Begin at the line containing "A Tattoo Of" in the data below and go on through the line containing "Imagem 1. Zona", repeating each line exactly; include both ends and no other line.

Information supplied:
____
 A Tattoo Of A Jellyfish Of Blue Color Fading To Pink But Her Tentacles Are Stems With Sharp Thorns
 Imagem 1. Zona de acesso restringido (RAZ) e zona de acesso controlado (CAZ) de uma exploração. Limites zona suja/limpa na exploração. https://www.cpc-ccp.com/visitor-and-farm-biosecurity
____
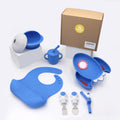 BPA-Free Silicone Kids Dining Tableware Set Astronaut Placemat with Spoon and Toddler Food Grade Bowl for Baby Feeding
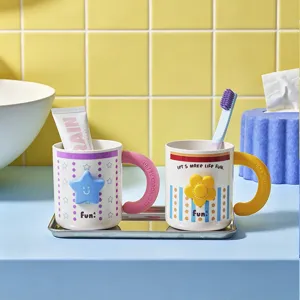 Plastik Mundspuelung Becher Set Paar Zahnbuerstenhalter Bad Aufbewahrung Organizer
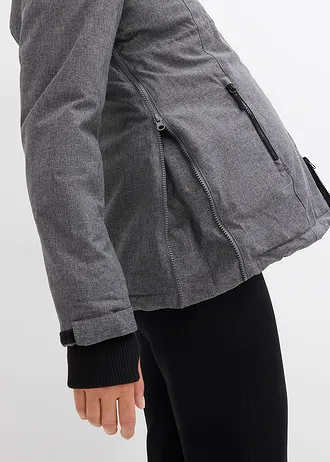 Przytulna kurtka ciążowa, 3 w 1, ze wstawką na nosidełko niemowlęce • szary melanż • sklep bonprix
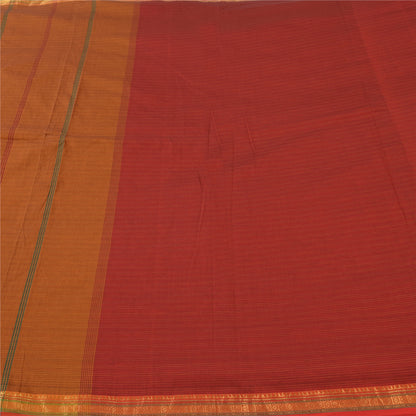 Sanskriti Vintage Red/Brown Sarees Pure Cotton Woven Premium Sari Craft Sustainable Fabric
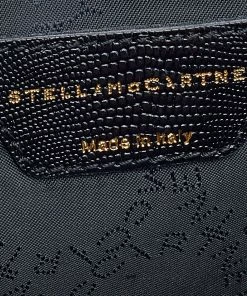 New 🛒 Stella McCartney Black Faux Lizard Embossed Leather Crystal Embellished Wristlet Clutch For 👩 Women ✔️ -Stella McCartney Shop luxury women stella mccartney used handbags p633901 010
____
Answer to this problem:
 A Tattoo Of A Jellyfish Of Blue Color Fading To Pink But Her Tentacles Are Stems With Sharp Thorns
 Imagem 1. Zona de acesso restringido (RAZ) e zona de acesso controlado (CAZ) de uma exploração. Limites zona suja/limpa na exploração. https://www.cpc-ccp.com/visitor-and-farm-biosecurity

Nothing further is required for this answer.